Tuesday, April 26, 2011

The More Things Change...

Jeff Atwood's latest post reminding folks of the obvious lessons of the recent minor EC2 outage at Amazon reminded me again about how everything moves in painful cycles of forgetting and reinvention in the computer industry. In this case the specific technique he refers to Netflix using, their "Chaos Monkey", is basically the exact same thing that Tandem Computers used to regularly use in their Guardian OS 30 or so years before Netflix.

It's hard to overstate just how many great innovations in computing were pioneered by Tandem; their main problem commercially was really being so far ahead of their time in so many ways. Many of the architectural innovations they didn't just invent but turn into commercial success are being directly copied in the modern web era; building distributed web systems with EC2 virtual machines and message queuing systems (or their equivalents in the Google or Azure ecosystems) are just scaled-out versions of what happened inside a Tandem mainframe's chassis.

In the case of the Chaos Monkey, it's important to understand that Tandem's fault-tolerant machines weren't built with triple-modular redundancy, as a lot of people always seemed to assume. Rather, the fault-tolerance of the system was due to comprehensive hardware error detection (obviously you have to detect faults to recover from them) combined with having no single point of failure. This did mean that there were duplicates of things inside the chassis: the disks, for instance, had two independent paths to them from different CPU nodes, the CPU nodes didn't share memory but rather had two separate internal interconnects (in essence, two mini-LANs) connecting them but all of this actually got used, it wasn't there "just in case".

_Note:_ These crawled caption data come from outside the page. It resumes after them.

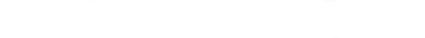 logo burstfly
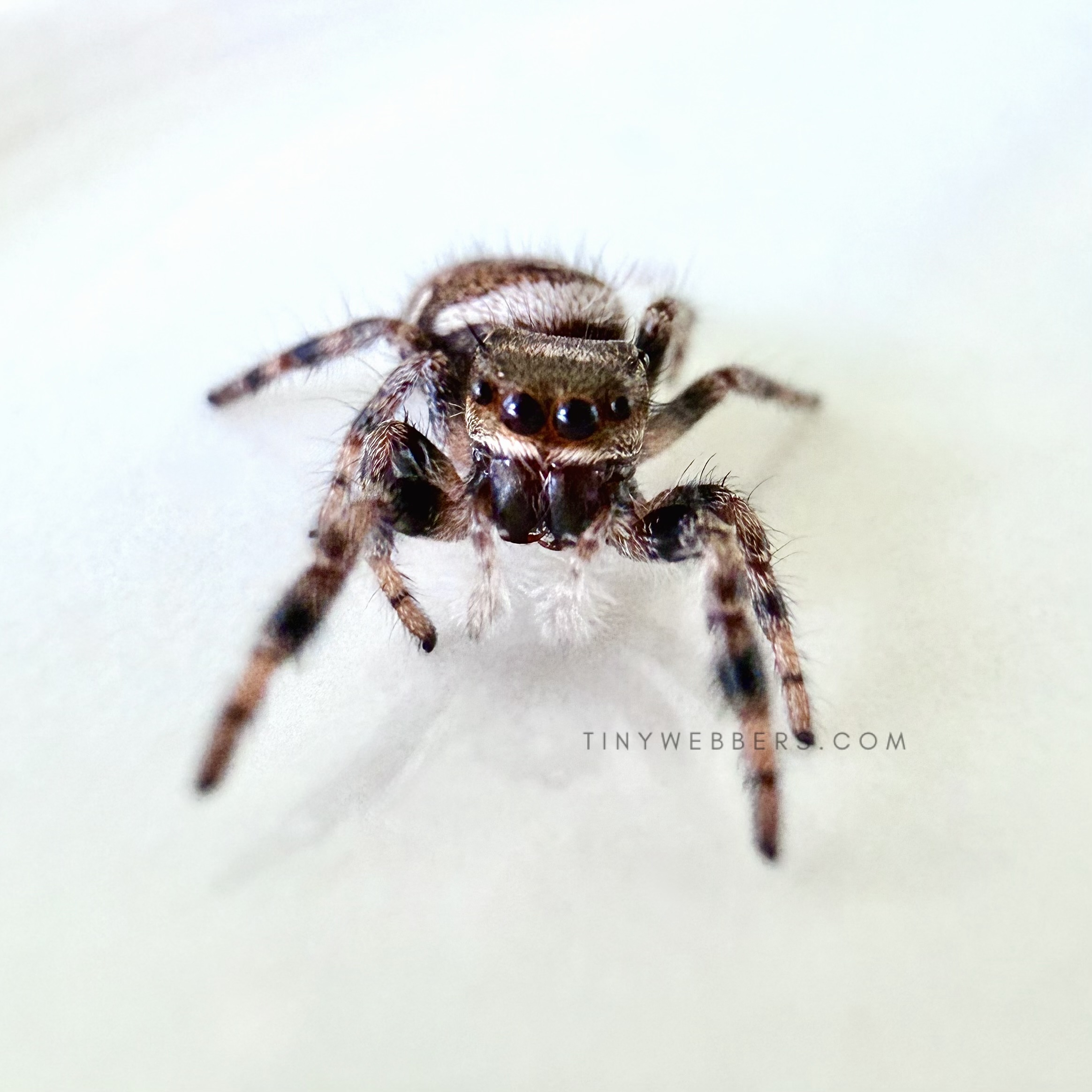 Hybrid: Regius/Otiosus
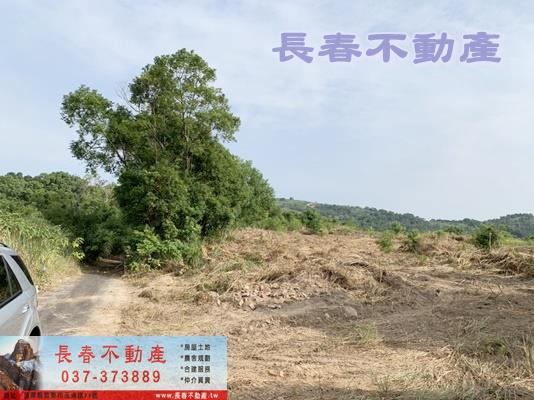 苗栗市農地-1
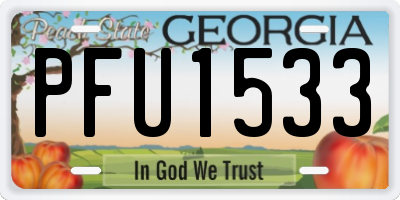 GA license plate PFU1533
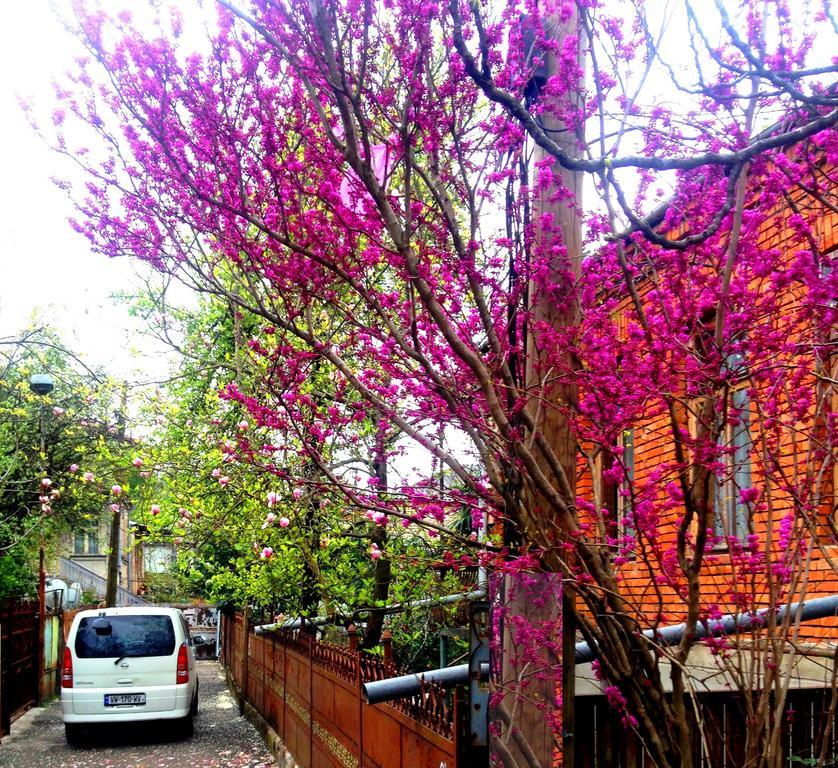 Colibri Home Kutaissi Exterior foto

The brilliance of the Guardian OS architecture (and remember, this was set up in the 1970's) was that it was a microkernel-based distributed system, composed out of small servers (small by necessity, as the architecture was essentially 16-bit, so a service process had 64k 16-bit words of data storage) which communicated by fault-tolerant explicit message queues. Each service process, as it worked on messages in its queue, would checkpoint its memory to a separate warm standby copy of itself, which the executive would always ensure ran on a separate CPU node inside the chassis - collectively, the nodes formed a single effective computer in what we now would call clustering.

If anything untoward happened to a node, be it a CPU fault, an ECC memory failure, or just about anything, rather than trying to work out exactly what the consequences of the failure were and stitching up an ad-hoc response to try and keep running - essentially, the kind of hopeless approach encouraged, to no good end, by exception handling in programming languages like Java and C++. Rather, the node was simply shut down and the in-process work abandoned, and the other nodes began a clever recovery process.

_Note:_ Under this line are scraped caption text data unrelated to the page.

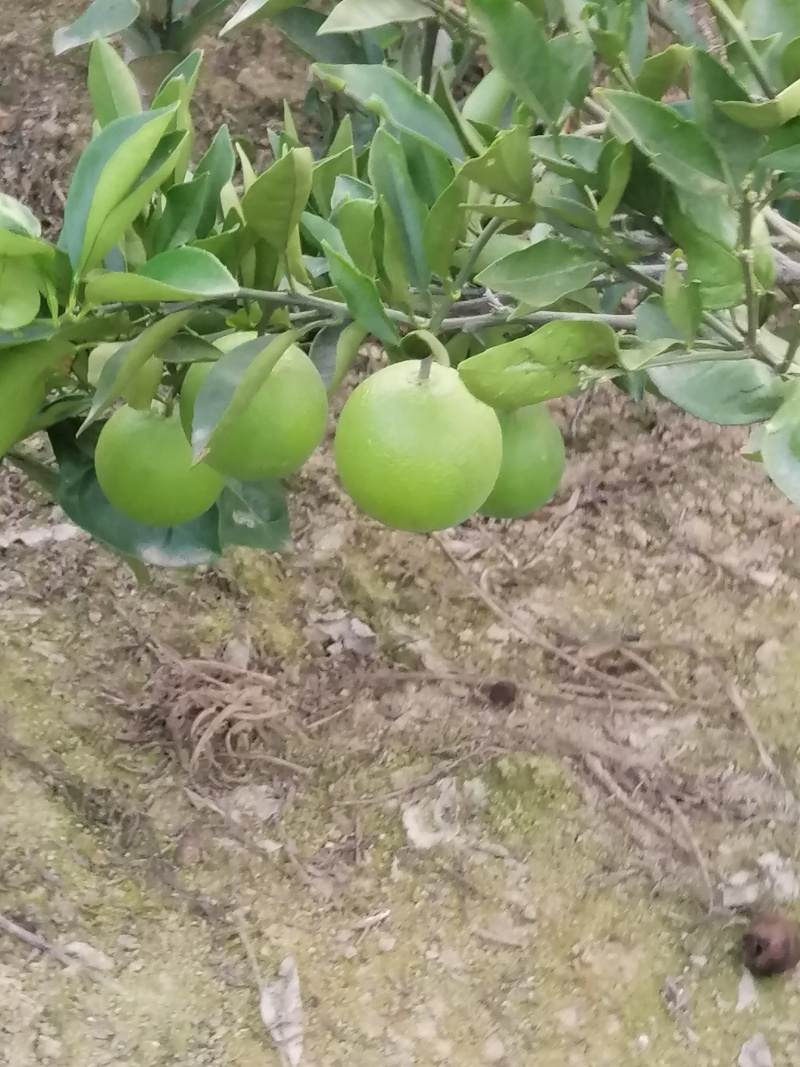 伦晚脐橙苗全国供应产地直发一手货源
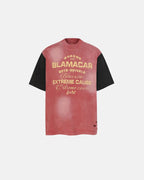 Patchwork Washed Graphic T-Shirt | Flation Streetwear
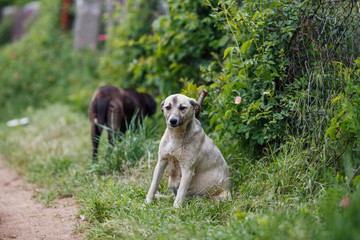 Unhappy white mongrel dogs in the green garden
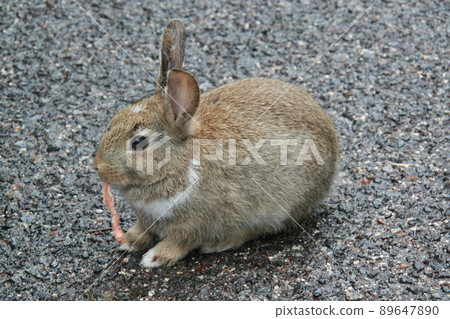 Child rabbits 89647890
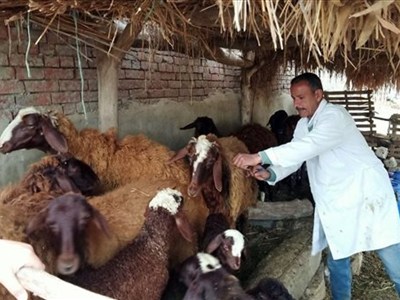 الزراعة: تحصين مليون رأس ماشية في الأسبوع الأول للحملة القومية ضد الجلد العقدي وجدري الأغنام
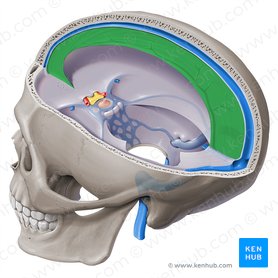 Cerebral falx (Falx cerebri); Image: Paul Kim
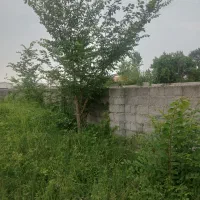 فروش فوری زمین ۳۰۵ متری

In this recovery, the warm standby copies of each service process (including its message queue) were found, and new standby copies were made to freshly selected nodes, and then the standby copies were started to pick up at the last saved checkpoint, resuming operation relatively seamlessly and without the need for the clients to do much.

This combined with transactional management of writes to disk - as these systems were built to do online transaction processing, so their main workload was database management - meant that the microkernel provided software fault tolerance to the system as a whole.

The relevance to the Chaos Monkey is how Tandem used to continually test their recovery system; one of the standard services that could be run was a process which did nothing but wait some amount of time, and then issue a command to reset the node it was currently running on, forcing the recovery of that node. Since all faults lead to node shutdown, this was an effective simulation technique.

And amusingly, with the suicidal shutdown service being one of these recoverable services, the recovery process would instantiate a new warm standby on another node, so that it too would in turn be reset. Essentially, then, once this service was started you'd see random nodes inside the chassis be reset and recover continually, during which time you could run a normal test workload and observe that it continued with temporary degraded performance but with no other ill effects (or if there was, that typically meant a bug in one of the services which meant it wasn't cooperating correctly with the checkpoint system).

It's also worth noting that the SQL running on the Tandem systems I used - CLX/R's during a time I spent at Tandem learning immensely about Tandem's architecture, and making this classic tome one of my all-time desert island books right alongside The Structure And Interpretation of Computer Programs.

Almost everything about making high-availability scalable web services that is being painfully relearned now can be understood by just making a good study of those Tandem systems; for instance, their database system used key-range partitioning to distribute queries in parallel across the cluster (and could do so quite transparently), much as sharding is used today.

Of course, this is how it ever was; lessons learned in mainframes being forgotten and re-learned by the upstart minicomputer folks, and then in turn forgotten and re-learned in the age of the microprocessor, and now once again in the age of web development. But it's remarkable to think that Tandem were basically the only firm pursuing this particular line, and they did it better than most people do now, only starting some 35 years ago before Ethernet, before SCSI, before UNIX.